The Costs of a Power Cut to Your Business

63,000 properties In North Lancashire were estimated to have been hit by a power cut on the 21st June 2017, and Edinburgh Airport had to delay flights on the 28th June, due to power related incidents. Power outrages are likely to happen if you have more than 170,000 km of electricity cables to maintain. How much could a power outage affect your business?

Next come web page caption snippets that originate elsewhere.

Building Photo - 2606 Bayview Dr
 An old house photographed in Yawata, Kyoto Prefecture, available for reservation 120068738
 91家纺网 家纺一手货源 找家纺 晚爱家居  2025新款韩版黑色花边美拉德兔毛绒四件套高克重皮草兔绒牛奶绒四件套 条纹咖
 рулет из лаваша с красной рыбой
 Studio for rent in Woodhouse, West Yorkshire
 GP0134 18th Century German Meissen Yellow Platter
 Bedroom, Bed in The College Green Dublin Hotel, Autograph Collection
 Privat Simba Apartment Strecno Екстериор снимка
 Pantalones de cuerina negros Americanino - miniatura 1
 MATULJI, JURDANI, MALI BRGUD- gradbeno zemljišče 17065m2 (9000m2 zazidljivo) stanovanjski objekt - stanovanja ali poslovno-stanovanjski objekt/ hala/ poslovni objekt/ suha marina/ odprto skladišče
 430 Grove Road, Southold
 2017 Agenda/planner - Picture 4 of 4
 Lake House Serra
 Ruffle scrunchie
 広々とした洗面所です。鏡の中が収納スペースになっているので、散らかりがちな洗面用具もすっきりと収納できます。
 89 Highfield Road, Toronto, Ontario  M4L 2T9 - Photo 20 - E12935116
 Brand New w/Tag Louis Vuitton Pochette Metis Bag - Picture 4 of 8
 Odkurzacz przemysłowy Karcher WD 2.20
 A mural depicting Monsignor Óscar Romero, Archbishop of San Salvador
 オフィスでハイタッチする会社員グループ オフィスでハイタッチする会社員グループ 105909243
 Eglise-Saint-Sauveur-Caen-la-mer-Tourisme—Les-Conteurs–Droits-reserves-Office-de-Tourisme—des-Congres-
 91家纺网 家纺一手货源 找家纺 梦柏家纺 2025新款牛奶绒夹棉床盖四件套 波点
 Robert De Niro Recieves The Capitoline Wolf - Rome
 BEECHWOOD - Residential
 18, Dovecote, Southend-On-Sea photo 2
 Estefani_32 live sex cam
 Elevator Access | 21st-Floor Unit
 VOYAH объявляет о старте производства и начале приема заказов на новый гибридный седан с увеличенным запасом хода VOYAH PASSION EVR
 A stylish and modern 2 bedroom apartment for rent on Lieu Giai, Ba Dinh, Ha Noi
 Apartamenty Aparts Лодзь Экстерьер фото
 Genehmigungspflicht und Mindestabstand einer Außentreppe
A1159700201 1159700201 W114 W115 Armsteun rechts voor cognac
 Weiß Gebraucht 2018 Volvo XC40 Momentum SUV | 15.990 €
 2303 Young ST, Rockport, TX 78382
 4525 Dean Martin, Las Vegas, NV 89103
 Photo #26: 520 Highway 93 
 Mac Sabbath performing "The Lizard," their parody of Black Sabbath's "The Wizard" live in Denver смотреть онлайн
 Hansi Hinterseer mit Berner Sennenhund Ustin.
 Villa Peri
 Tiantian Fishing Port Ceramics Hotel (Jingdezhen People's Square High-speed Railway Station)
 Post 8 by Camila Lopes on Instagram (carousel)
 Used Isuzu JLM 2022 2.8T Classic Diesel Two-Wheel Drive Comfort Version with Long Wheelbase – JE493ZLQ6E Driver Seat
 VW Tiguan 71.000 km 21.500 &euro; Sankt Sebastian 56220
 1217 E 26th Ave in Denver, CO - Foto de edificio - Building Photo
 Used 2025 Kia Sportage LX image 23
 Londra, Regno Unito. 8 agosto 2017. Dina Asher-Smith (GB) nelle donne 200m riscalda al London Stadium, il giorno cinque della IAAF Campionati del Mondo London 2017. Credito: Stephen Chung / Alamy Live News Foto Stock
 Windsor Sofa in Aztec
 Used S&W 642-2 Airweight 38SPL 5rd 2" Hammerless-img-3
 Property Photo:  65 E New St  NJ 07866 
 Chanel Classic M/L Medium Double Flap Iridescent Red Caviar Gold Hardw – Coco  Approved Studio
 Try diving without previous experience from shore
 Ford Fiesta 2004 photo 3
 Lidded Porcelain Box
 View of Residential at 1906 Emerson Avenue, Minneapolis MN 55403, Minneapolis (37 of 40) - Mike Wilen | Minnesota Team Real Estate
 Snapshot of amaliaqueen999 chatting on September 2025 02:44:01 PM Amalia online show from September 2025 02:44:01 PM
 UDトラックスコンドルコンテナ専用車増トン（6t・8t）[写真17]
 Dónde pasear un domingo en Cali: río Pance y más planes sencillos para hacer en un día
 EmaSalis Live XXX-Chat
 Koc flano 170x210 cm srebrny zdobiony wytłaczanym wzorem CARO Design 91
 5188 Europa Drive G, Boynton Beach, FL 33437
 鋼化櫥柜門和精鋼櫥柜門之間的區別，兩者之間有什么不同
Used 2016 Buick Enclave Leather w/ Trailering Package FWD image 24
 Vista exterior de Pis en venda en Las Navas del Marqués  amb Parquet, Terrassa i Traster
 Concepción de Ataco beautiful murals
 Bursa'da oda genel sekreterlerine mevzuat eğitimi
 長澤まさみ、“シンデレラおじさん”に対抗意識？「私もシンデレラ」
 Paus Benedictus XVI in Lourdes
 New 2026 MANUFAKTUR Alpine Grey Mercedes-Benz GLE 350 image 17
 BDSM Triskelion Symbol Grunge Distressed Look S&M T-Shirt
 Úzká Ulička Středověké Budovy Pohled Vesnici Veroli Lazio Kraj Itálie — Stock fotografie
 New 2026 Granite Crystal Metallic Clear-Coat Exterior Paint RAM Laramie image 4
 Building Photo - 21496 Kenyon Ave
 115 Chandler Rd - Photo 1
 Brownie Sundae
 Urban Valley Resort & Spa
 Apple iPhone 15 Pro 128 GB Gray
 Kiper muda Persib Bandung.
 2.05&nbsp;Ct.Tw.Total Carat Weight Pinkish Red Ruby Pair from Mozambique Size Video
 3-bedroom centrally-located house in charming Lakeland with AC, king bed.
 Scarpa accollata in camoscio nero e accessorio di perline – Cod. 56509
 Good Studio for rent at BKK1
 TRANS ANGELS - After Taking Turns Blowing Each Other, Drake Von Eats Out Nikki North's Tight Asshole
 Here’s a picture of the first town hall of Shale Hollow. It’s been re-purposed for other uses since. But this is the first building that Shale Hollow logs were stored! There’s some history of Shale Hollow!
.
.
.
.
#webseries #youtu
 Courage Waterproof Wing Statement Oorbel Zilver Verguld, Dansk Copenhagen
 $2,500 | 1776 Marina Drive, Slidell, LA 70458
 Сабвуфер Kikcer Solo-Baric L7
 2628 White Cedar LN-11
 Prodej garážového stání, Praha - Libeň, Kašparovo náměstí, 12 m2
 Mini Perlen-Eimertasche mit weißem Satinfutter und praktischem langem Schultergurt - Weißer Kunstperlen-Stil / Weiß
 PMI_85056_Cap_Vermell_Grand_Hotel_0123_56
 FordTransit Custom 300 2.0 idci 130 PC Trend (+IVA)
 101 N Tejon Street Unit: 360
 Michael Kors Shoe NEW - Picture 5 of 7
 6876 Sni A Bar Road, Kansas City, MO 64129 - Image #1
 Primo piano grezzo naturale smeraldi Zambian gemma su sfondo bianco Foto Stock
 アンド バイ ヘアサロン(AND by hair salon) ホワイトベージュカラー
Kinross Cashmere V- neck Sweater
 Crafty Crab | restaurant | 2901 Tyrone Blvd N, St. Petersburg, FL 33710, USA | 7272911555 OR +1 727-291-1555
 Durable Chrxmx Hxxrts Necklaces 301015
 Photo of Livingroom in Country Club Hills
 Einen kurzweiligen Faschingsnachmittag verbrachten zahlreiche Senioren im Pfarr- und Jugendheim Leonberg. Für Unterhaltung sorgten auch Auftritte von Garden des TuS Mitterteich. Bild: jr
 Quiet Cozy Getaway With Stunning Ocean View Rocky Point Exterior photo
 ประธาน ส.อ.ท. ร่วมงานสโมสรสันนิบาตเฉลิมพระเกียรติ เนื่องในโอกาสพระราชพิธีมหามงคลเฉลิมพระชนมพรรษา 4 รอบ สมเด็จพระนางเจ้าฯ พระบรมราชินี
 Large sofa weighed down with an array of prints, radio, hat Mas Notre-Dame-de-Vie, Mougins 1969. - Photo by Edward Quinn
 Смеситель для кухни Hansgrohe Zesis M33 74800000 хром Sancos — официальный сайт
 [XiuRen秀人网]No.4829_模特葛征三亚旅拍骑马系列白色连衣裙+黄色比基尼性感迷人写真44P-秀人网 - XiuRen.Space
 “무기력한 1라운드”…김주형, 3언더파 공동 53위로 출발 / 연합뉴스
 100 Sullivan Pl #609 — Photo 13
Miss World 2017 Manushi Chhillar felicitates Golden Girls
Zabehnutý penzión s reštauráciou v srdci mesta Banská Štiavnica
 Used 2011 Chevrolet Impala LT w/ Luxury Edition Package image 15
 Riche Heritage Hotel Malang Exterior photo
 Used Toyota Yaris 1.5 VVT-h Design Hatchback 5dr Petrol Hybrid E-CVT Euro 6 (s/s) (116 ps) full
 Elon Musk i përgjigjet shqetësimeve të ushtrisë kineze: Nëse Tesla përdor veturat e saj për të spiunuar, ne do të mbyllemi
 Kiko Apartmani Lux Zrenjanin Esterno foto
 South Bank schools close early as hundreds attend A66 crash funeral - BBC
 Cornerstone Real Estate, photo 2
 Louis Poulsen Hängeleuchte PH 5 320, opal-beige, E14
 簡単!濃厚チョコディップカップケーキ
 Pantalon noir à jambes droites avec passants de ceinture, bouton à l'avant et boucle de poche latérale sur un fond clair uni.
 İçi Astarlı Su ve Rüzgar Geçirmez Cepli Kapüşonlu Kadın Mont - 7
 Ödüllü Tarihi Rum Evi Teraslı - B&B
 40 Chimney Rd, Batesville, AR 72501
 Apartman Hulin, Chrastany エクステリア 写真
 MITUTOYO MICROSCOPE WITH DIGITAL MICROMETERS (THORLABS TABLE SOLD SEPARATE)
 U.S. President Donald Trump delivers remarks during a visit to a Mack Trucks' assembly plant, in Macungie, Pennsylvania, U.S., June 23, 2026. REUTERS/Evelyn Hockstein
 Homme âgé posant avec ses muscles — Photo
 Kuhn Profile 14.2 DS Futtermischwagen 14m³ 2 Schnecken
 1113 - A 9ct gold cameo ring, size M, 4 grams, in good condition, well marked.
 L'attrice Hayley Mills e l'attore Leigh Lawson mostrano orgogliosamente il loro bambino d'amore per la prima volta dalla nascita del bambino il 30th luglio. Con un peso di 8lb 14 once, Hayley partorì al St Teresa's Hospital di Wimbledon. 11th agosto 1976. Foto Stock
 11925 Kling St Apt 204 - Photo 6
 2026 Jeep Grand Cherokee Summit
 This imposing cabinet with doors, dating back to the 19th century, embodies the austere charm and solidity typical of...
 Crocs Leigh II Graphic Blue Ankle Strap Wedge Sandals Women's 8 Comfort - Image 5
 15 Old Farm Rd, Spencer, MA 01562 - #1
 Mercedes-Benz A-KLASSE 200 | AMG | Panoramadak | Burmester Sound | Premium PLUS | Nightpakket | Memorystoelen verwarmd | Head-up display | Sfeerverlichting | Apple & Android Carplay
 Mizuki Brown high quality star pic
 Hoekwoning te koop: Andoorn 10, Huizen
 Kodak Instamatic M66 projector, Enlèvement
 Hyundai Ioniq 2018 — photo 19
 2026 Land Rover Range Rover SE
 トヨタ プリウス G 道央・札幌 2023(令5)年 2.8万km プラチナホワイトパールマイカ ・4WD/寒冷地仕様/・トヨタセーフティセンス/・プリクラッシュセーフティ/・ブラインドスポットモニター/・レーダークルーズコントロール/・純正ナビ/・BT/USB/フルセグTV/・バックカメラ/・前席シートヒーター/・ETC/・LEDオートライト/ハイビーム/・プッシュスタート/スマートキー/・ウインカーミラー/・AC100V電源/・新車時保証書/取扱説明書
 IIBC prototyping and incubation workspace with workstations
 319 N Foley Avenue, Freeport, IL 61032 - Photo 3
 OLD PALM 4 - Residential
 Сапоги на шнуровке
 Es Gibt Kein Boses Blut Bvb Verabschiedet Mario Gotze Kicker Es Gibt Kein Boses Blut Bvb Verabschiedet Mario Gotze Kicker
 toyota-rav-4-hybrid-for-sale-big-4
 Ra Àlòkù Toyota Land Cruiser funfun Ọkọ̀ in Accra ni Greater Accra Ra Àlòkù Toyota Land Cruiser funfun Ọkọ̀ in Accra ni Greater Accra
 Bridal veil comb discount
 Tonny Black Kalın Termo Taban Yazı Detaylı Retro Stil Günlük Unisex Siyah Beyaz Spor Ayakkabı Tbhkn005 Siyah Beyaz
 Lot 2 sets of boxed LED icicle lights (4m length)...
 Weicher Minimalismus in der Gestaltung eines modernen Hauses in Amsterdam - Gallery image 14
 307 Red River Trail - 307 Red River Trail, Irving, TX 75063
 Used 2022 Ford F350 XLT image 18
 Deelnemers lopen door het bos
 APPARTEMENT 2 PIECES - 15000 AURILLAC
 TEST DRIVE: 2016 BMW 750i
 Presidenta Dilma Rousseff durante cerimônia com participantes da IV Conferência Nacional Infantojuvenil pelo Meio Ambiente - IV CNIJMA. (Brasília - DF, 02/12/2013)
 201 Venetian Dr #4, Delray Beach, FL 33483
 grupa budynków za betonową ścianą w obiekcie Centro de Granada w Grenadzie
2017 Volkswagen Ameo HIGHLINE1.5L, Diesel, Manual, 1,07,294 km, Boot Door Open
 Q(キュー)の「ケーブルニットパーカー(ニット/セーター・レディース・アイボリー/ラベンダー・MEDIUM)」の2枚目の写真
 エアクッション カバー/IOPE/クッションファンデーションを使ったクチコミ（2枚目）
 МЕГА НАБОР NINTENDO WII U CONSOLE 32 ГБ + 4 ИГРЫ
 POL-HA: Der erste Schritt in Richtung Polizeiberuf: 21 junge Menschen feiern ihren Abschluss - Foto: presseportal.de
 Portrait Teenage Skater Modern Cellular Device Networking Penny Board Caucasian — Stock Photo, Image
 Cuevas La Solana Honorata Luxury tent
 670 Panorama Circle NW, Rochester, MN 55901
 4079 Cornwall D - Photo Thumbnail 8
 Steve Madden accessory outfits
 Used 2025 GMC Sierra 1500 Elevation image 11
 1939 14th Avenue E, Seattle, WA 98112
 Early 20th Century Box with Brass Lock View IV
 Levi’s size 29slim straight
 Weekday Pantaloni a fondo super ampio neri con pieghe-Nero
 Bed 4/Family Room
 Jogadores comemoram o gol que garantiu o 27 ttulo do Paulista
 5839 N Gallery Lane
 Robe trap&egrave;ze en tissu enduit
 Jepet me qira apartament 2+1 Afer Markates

Together with retailers of commercial gas, Flogas, we investigate the cost to businesses if power outrages happen and what options can be done to protect your company from an unplanned disruption.


Causes of Power Cuts

There are many different reasons that can cause a power cut to strike. Reasons such as harsh weather conditions – It was reported in January 2015, one million people across the North-Eastern Scotland were left without power, after a storm had broken and struck the power lines. Hurricane Irma that occurred in Florida last year, had caused 4.4 million homeowners to lose their electricity.

One other reason is the growing electricity supply in the UK. Jenifer Baxter who is the head of energy and environment at the Institution of Mechanical Engineers said, “Under current [government] policy, it is almost impossible for UK electricity demand to be met by 2025,”. Along with proposals to phase out coal-fired power and a lack of investment in national grid infrastructure, power failures and blackouts are expected to become more common.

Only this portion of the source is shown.